(TRY IT) Leave out every picture and set down, exactly, the lines below from the one holding "Hello guys, welcome to the Alpha Channel." up to and including the one holding "In this video I'm".

(THE RECORDS)

|---|

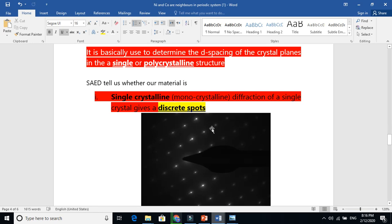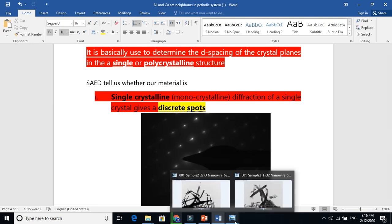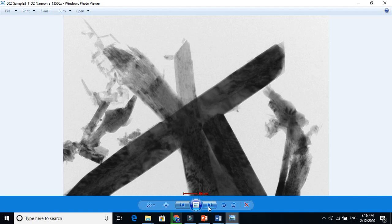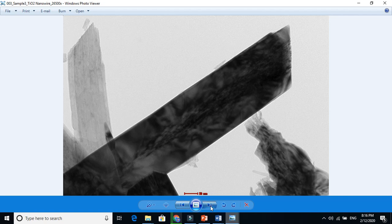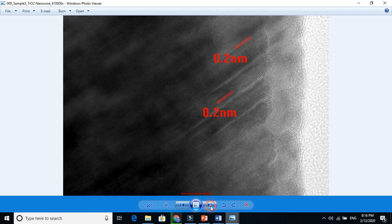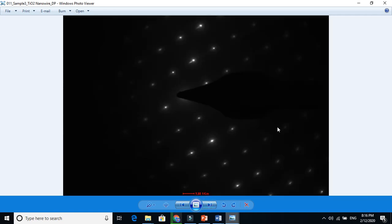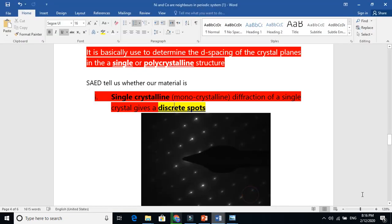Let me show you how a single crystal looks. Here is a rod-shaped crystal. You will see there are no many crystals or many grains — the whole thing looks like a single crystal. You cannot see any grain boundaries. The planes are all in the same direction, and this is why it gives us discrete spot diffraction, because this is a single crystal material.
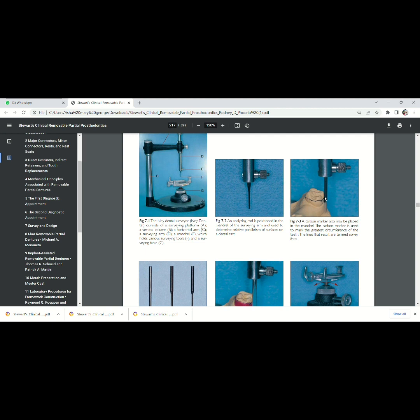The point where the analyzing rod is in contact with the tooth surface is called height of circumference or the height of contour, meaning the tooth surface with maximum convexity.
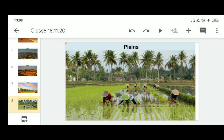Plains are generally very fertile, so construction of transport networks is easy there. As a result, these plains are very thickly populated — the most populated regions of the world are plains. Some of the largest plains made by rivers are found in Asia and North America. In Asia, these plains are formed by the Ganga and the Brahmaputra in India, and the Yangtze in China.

|---|

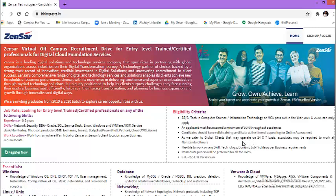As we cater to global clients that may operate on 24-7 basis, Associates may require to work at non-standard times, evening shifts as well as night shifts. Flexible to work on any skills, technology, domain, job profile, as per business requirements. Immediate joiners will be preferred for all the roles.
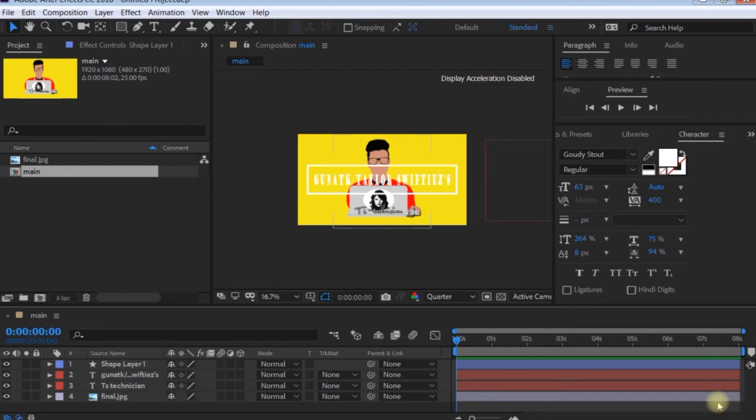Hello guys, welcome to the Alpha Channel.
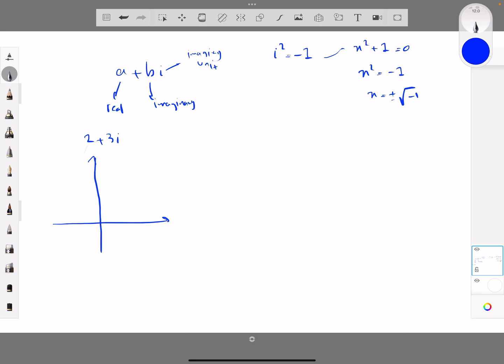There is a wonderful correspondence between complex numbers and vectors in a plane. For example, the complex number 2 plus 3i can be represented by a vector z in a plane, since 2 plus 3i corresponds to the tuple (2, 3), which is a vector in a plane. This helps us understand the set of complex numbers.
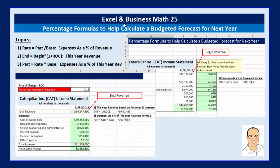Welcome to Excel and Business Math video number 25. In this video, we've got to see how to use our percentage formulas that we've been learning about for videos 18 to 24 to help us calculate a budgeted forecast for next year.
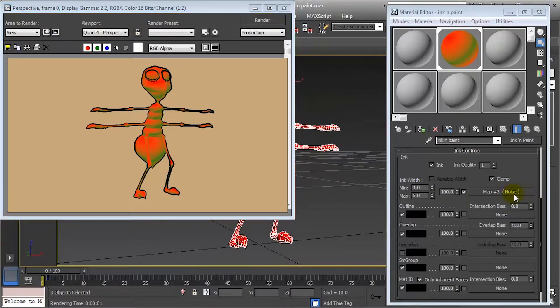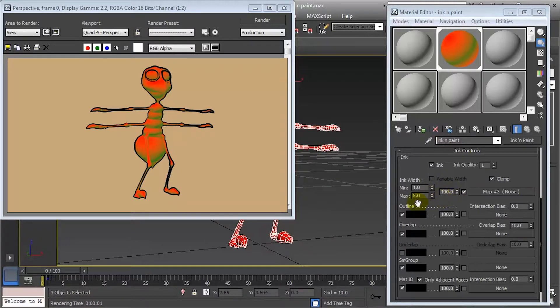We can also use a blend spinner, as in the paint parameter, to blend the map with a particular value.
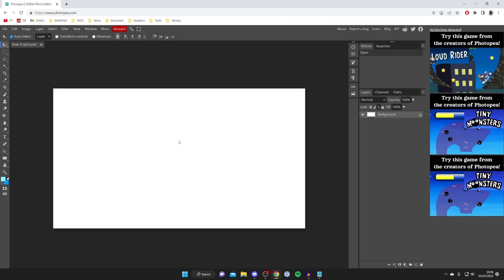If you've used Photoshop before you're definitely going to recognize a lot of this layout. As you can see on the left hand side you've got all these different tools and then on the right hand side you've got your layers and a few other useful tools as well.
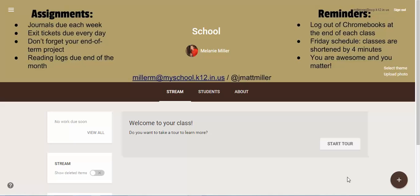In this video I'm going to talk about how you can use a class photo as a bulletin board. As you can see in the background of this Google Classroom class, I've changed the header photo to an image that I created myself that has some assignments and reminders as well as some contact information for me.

|---|

(RESULT OF THE EXERCISE)
Hello guys, welcome to the Alpha Channel.
There is a wonderful correspondence between complex numbers and vectors in a plane. For example, the complex number 2 plus 3i can be represented by a vector z in a plane, since 2 plus 3i corresponds to the tuple (2, 3), which is a vector in a plane. This helps us understand the set of complex numbers.
Welcome to Excel and Business Math video number 25. In this video, we've got to see how to use our percentage formulas that we've been learning about for videos 18 to 24 to help us calculate a budgeted forecast for next year.
We can also use a blend spinner, as in the paint parameter, to blend the map with a particular value.
If you've used Photoshop before you're definitely going to recognize a lot of this layout. As you can see on the left hand side you've got all these different tools and then on the right hand side you've got your layers and a few other useful tools as well.
In this video I'm going to talk about how you can use a class photo as a bulletin board. As you can see in the background of this Google Classroom class, I've changed the header photo to an image that I created myself that has some assignments and reminders as well as some contact information for me.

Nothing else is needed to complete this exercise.